=== Exercise material ===
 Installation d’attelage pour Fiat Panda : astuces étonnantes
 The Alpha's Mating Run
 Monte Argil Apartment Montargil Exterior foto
===
=== Exercise material ===
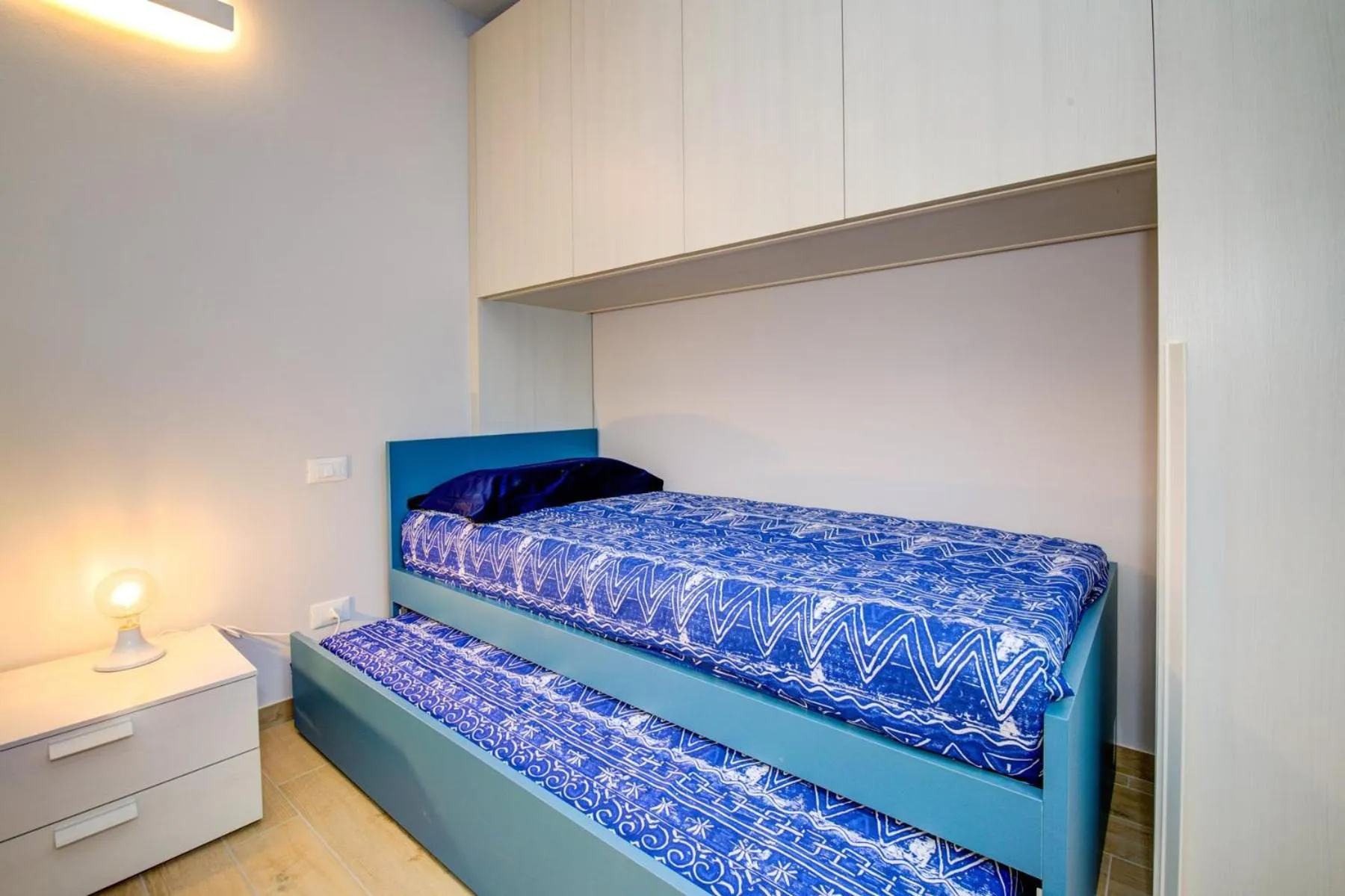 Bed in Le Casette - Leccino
===
=== Exercise material ===
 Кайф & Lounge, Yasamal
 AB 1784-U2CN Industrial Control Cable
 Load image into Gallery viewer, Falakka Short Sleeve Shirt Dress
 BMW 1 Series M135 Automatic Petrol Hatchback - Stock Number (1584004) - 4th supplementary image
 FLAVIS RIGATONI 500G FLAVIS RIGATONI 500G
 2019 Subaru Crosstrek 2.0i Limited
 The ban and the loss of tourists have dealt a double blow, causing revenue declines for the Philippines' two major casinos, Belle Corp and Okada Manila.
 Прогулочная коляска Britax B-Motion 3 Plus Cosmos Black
===
> _Requirement_
Copy each line of the records that has "image" in it.

> _Task response_
 Load image into Gallery viewer, Falakka Short Sleeve Shirt Dress
 BMW 1 Series M135 Automatic Petrol Hatchback - Stock Number (1584004) - 4th supplementary image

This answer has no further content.